Data dependency problems - Automated testing can create complicated problems related to test data management. When a test script is run, it likely requires certain data to be in a certain state. This can create problems in several scenarios. For instance, what happens if a test script is being run against multiple environment configurations at the same time? Will it fail due to both instances of the script utilizing the same data from the same database? Modification of said data by one instance of the test’s execution may cause another instance to fail. Or how about the scenario where the data for a test script is set up through the execution of another test script? What happens when the test script it depends upon fails?
An effective way to manage these potential issues is to develop test scripts to be self-contained and completely independent of one another. In other words, all test scripts should be developed to create and clean up all data needed for their successful execution. In this manner, testing personnel will remove the possibility of test failures due to data-related issues. In addition, the DevOps team will be properly prepared — from a test data standpoint — to scale up to any level of test parallelization they desire.

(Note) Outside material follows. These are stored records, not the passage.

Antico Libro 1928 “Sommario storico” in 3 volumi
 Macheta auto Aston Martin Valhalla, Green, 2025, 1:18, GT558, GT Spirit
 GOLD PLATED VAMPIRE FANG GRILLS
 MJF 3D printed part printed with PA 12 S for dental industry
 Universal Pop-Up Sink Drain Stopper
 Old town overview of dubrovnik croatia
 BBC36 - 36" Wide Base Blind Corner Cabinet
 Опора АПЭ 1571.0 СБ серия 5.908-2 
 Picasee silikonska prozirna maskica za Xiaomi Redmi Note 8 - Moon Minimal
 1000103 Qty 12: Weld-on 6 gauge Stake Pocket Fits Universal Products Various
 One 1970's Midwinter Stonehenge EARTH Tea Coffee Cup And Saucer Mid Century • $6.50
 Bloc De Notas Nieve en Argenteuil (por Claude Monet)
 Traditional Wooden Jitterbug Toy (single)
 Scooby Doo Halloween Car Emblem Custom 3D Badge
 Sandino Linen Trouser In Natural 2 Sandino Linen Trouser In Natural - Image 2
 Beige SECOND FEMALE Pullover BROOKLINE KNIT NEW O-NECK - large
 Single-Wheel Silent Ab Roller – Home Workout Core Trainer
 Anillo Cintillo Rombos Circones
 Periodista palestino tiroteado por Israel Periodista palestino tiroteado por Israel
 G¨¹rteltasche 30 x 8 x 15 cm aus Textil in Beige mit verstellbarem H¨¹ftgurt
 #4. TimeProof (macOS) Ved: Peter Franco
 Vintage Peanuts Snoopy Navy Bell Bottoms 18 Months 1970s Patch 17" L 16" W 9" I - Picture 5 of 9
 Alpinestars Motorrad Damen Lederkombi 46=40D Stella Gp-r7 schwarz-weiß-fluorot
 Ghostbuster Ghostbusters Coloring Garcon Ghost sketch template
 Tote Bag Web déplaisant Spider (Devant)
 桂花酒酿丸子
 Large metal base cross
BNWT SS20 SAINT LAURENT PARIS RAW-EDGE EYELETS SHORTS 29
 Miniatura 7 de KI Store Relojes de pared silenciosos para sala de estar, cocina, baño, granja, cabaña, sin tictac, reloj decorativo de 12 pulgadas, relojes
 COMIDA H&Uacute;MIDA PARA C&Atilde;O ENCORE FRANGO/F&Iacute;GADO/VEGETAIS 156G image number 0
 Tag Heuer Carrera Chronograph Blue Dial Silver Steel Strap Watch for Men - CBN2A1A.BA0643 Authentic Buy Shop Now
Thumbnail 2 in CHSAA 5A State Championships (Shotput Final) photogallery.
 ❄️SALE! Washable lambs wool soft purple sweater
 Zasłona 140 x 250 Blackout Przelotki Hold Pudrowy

While test automation will undoubtedly allow for the quicker identification and resolution of problems within an application’s code base, an effective implementation of an automated testing strategy does not come without its pain points. That being said, there are always ways to overcome the common barriers to a solid automated testing strategy (or avoid them completely). An organization can take big steps towards testing effectively by building time into the process to develop test scripts, ensuring these scripts are developed to be independent of one another, and ensuring the DevOps team has access to quality test infrastructure.